Perhaps one of the best sequences for them comes when the two teens seek out Anna’s high school crush, Jake (Chad Michael Murray), in the hopes of introducing a romantic complication. Lohan demonstrates her prowess for physical comedy while Curtis, shortly after a flirting attempt goes wildly sideways, gets to be vulnerable. Both actors are in perfect form.

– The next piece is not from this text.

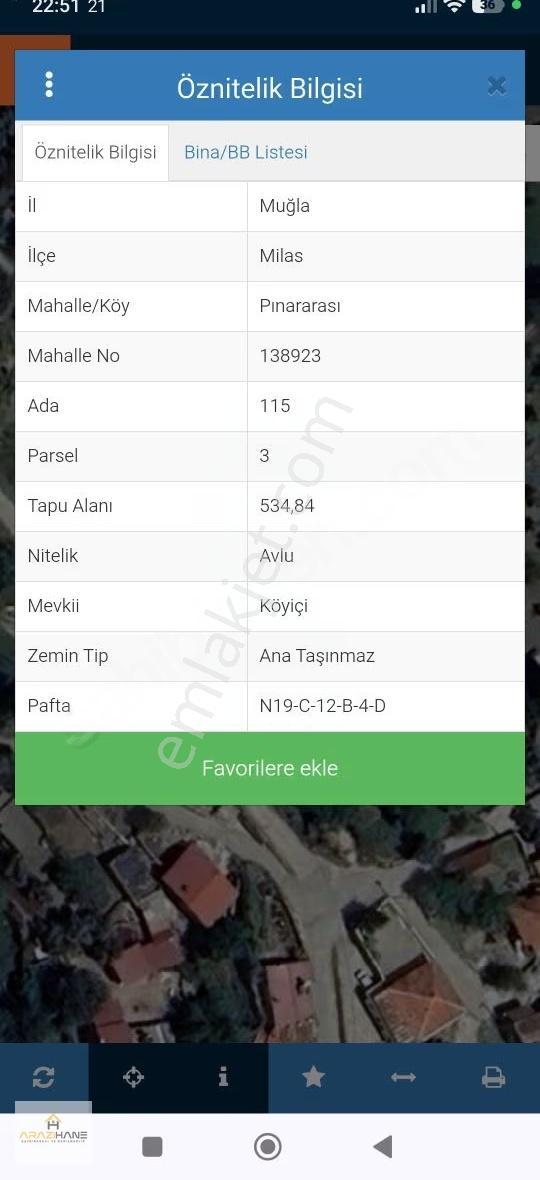 Milas Pınararası Mahallesi Satılık Arsa - Görsel 6
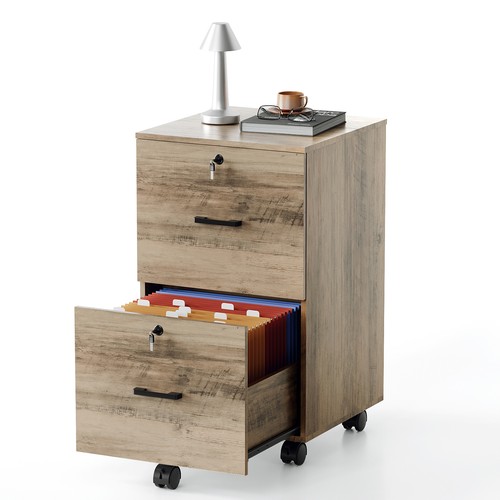 Modern drawer locking file - 2-drawer,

Freakier Friday stands on its own, but it also features a number of callbacks to the 2003 original that will undoubtedly delight viewers who grew up with it.

That’s the greatest strength of Freakier Friday: it balances the hilarity with the heartfelt, giving practically every character the chance to get real and deepen their connections. As I really sat with the movie as the credits rolled, I wondered if one character’s growth got a bit shortchanged by the end, but with such a triumphant, nostalgic climax, it’s easy to breeze over.

Though Lohan and Curtis are the stars of the show, their younger counterparts are more than capable. ʙuттers has already proven herself a notable rising talent, but her open devastation when something goes horribly wrong is especially striking here. Hammons is equally great, going from posh teen to sweetly overbearing grandmother with ease.

Freakier Friday stands on its own, but it also features a number of callbacks to the 2003 movie that will undoubtedly delight viewers who grew up with it. Familiar faces pop up here and there, with some making brief cameos and others, like Mark Harmon’s Ryan, getting a meaningful moment or two. The jokes fly and mostly land, though that’s largely thanks to the skill of the cast.

Ganatra, taking over from original director Mark Waters, sets an energetic pace and keeps things lively during the comedic scenes, though she also knows when to take a beat and let the character work speak for itself. Freakier Friday has all the hallmarks of an early 2000s teen comedy, albeit with a 2025 sheen.

As a result, it’s a legacy sequel done right. Freakier Friday honors the original movie that paved the way — the Pink Slip reunion is as joyful as one would hope — while telling a new story that gives fresh layers to the characters we know and love. As Lohan’s long-awaited return to the big screen and reunion with Curtis, it’s a crowd-pleasing delight.